Les mesures proposées par les entreprises sont rarement ciblées et ne font que rarement l'objet d'une véritable politique cohérente intégrée à celle des Ressources Humaines par exemple.
Ce sont donc des mesures disparates souvent liées au contexte même de l'entreprise, de la personnalité et des convictions du dirigeant, d'héritages historiques, des usages sectoriels plutôt qu'une politique formalisée.
Selon Paula McDonald, Kerry Brown et Lisa Bradley[2], le décalage entre le discours de la conciliation et l’offre effective dans les entreprises s’expliquerait en fonction de cinq dimensions de l’organisation :
- l’attitude du supérieur immédiat ;
- les normes organisationnelles concernant la promotion et les trajectoires professionnelles et les perceptions qui les entourent ;
- les normes organisationnelles concernant le temps de travail ;
- les relations et les attentes mutuelles au sein de l’équipe de travail ;
- la nature sexuée des politiques de conciliation.
Ainsi, au-delà des problématiques d'organisation du travail, de la charge de travail et des horaires, il semble qu'il faille promouvoir un changement culturel.
Mais les entreprises ne peuvent pas toutes seules apporter des solutions dans le domaine de l'articulation famille-travail qui semble dépasser largement le cadre de l'entreprise.
En effet, l'Etat a un rôle à jouer et notamment au travers des politiques familiales.
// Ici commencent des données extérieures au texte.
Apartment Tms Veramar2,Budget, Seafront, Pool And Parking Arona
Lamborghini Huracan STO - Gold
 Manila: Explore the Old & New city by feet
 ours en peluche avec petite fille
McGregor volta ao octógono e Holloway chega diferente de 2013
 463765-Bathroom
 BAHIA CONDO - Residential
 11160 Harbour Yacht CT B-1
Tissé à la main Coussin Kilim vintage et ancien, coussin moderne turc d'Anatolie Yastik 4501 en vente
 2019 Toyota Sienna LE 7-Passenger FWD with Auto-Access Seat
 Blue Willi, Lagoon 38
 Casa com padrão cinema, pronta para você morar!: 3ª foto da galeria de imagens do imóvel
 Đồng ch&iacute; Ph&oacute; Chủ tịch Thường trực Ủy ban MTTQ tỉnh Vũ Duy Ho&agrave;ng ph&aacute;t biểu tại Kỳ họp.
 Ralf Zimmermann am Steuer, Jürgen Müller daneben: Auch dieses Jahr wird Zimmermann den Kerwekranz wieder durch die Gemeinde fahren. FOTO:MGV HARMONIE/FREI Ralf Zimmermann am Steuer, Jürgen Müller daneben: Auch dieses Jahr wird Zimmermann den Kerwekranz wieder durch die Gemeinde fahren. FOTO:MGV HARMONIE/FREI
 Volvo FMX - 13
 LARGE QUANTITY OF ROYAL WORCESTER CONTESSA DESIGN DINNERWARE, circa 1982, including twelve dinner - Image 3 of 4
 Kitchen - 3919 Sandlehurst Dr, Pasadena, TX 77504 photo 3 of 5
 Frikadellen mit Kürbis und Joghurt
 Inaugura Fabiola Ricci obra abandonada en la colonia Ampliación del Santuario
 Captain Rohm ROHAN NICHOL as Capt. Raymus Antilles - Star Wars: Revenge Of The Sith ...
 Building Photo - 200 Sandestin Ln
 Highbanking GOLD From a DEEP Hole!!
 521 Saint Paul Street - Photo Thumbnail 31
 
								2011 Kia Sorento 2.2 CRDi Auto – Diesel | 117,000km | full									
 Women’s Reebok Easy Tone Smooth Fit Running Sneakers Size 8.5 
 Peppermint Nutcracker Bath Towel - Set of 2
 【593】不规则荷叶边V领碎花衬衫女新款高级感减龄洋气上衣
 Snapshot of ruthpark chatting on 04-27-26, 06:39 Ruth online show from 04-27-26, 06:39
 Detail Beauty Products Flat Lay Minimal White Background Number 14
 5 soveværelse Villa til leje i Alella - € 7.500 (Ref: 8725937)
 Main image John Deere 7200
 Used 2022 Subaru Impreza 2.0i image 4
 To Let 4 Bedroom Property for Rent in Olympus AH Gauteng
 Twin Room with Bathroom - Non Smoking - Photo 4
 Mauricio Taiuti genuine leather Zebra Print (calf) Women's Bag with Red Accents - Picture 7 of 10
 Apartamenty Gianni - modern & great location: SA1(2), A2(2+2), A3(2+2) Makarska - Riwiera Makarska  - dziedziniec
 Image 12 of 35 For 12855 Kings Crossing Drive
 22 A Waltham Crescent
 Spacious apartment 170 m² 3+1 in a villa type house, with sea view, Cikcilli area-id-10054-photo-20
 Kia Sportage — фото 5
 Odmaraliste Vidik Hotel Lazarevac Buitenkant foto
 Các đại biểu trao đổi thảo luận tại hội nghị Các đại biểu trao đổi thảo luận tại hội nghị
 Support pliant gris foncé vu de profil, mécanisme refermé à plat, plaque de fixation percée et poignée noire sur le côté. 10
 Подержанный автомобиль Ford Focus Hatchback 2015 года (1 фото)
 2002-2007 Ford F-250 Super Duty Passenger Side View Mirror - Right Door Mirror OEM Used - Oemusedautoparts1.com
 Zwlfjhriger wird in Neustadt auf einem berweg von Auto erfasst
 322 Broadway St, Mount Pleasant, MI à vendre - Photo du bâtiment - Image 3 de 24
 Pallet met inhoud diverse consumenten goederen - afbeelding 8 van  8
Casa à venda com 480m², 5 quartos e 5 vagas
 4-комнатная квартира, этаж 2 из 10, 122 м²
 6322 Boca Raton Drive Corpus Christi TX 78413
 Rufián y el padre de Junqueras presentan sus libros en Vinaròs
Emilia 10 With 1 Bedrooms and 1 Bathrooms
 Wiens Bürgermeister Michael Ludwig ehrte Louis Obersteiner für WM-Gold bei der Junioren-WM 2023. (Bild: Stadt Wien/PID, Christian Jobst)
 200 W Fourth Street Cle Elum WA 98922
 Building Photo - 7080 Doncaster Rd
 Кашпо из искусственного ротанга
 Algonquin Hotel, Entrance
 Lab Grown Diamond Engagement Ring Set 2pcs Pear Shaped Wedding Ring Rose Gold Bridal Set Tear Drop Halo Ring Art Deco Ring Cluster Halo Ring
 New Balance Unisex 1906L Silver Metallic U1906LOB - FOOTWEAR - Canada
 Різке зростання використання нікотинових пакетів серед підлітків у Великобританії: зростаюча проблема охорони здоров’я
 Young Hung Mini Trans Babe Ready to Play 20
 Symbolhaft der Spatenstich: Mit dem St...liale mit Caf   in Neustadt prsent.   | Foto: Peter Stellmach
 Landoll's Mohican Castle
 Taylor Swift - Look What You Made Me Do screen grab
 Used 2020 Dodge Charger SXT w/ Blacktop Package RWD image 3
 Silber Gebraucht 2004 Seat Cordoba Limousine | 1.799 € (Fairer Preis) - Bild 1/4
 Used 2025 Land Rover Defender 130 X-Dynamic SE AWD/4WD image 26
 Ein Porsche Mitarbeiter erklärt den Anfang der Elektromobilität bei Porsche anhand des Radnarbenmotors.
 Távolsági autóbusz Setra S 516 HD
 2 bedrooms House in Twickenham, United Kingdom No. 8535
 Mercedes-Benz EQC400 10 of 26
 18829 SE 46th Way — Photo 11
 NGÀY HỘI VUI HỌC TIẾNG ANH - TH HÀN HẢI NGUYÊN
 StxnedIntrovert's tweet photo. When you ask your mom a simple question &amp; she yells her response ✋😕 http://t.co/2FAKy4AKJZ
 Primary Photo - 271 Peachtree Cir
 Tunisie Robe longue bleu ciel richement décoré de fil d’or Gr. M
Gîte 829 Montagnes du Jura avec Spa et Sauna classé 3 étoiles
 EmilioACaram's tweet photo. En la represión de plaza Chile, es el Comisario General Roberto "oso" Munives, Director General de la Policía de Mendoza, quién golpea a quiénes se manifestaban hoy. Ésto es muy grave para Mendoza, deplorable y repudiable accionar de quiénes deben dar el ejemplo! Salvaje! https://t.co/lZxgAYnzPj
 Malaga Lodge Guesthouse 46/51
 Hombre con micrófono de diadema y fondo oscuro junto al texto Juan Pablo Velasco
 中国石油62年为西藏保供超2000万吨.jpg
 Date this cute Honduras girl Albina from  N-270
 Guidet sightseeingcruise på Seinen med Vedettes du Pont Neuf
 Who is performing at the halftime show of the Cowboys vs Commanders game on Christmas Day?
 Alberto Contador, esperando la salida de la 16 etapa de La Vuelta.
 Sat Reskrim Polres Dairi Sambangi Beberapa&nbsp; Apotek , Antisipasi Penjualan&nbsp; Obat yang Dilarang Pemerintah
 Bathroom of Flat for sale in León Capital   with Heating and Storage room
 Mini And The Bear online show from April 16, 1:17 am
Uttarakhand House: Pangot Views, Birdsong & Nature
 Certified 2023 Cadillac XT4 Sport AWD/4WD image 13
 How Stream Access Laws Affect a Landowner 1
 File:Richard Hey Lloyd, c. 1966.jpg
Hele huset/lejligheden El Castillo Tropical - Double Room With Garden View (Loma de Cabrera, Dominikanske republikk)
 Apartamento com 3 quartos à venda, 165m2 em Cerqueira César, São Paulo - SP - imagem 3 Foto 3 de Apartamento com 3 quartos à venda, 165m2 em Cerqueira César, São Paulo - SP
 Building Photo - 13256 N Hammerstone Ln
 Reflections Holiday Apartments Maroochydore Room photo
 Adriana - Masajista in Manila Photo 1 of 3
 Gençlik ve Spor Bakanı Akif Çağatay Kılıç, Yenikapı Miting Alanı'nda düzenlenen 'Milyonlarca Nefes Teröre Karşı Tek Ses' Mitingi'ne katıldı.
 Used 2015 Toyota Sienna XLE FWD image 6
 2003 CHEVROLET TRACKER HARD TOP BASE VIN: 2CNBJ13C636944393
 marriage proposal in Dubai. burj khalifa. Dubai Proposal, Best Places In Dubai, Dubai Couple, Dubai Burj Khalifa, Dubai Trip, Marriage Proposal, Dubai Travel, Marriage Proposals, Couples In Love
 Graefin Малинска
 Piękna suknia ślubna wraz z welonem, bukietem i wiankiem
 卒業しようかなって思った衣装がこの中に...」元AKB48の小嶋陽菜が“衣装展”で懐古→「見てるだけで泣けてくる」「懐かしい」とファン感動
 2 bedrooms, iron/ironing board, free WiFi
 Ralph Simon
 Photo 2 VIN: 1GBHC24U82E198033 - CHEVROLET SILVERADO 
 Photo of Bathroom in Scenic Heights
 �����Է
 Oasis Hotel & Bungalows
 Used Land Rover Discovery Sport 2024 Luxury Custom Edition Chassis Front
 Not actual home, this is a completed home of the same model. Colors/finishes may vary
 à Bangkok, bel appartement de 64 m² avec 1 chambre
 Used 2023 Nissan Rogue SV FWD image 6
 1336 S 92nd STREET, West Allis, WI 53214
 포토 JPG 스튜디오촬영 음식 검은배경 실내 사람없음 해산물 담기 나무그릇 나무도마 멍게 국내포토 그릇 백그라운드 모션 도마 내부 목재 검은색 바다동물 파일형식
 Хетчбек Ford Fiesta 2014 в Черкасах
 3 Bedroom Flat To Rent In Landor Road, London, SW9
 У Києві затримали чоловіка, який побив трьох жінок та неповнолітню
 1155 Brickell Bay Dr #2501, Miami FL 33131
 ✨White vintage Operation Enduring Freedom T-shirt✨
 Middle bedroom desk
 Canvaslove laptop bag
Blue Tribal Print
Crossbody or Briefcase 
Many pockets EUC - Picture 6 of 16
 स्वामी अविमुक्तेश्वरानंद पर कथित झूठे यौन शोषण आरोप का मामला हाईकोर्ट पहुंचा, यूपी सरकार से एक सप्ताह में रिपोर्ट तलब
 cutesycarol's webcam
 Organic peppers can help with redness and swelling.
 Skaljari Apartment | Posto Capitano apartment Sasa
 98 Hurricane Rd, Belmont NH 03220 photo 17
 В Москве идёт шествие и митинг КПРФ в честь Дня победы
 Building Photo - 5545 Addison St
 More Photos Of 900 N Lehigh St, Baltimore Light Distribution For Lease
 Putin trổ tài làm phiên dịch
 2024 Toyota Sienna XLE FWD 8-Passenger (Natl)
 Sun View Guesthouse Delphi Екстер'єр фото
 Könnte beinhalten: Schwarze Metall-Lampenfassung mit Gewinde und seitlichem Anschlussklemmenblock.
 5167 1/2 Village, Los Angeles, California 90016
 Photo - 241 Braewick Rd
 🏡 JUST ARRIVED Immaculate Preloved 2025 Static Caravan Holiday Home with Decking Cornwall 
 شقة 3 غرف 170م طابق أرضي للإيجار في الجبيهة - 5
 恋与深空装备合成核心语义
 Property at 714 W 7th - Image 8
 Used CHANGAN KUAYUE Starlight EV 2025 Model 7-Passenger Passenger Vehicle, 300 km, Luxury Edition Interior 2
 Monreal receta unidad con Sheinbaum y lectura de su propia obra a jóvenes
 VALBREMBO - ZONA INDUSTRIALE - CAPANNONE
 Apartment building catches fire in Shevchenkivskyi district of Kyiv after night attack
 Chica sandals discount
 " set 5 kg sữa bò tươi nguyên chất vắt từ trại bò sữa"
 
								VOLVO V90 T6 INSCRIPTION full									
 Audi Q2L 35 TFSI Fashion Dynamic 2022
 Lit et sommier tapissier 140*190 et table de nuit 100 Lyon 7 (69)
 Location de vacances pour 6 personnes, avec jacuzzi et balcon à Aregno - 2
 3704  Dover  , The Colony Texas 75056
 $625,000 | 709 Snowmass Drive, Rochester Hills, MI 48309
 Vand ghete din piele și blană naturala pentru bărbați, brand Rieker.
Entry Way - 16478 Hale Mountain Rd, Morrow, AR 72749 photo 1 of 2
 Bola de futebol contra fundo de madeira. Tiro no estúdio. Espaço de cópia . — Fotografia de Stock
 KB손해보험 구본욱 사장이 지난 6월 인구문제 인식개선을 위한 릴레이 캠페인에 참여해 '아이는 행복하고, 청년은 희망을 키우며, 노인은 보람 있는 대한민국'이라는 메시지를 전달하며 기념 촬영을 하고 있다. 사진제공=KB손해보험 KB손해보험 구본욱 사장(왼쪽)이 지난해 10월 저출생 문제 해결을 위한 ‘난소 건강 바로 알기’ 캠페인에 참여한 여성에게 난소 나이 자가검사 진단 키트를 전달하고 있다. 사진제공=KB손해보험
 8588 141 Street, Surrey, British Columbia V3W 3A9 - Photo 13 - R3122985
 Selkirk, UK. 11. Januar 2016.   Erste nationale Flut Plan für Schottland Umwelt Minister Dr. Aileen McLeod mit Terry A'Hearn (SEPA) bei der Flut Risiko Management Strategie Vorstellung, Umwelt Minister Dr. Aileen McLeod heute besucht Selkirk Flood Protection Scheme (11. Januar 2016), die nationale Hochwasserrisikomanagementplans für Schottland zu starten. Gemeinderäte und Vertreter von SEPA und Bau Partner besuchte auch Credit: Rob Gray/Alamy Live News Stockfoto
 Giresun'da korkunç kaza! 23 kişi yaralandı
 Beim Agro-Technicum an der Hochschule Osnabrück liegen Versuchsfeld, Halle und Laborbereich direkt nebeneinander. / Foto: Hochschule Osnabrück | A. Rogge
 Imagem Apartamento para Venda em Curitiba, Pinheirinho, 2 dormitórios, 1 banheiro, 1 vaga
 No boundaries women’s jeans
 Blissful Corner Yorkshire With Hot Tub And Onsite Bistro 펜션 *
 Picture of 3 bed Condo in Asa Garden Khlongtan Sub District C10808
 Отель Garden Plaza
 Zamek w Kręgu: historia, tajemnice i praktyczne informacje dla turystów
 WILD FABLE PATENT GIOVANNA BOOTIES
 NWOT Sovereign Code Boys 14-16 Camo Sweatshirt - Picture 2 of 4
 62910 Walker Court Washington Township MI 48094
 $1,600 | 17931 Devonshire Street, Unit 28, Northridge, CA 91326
Même si les dispositions actuelles comme le financement des modes de garde, l'école maternelle gratuite dès 3 ans, les avantages fiscaux aux familles, les allocations familiales permettent déjà une certaine satisfaction concernant l'articulation famille-travail. Le problème semble résider dans le peu d'alternatives proposées aux parents : modes de garde pas forcément adaptés à la multitude de situations horaires des parents, un congé parental de trois ans faiblement rémunéré qui entraîne les femmes à quitter le marché de l'emploi, les structures périscolaires qui sont en nombre insuffisant.
Suite à ce constat, il a été évoqué par le gouvernement en place une réflexion sur un congé parental plus court (par exemple d'un an) mais mieux rémunéré en fonction du revenu. Cela éviterait un écart trop long du marché du travail et inciterait également les pères à prendre ce congé.
Mais, comme le précisent A.Pailhé et A.Solaz, "les normes transmises et véhiculées, tant par les supérieurs que par les collègues, en termes de présence au travail, d'investissement, de dévouement à l’entreprise restent encore fortement sexuées."
Le témoignage de Frédéric Tiberghien[3], président d’honneur de l’ORSE, ancien chef d’entreprise illustre bien ce constat : « si je vois un père qui me dit à 17h ou à 18h « je dois partir pour chercher mon enfant à la crèche », j’ai une réaction non pas de père, mais de chef d’entreprise, en me disant : c’est incompatible avec le degré de responsabilité qu’il occupe ».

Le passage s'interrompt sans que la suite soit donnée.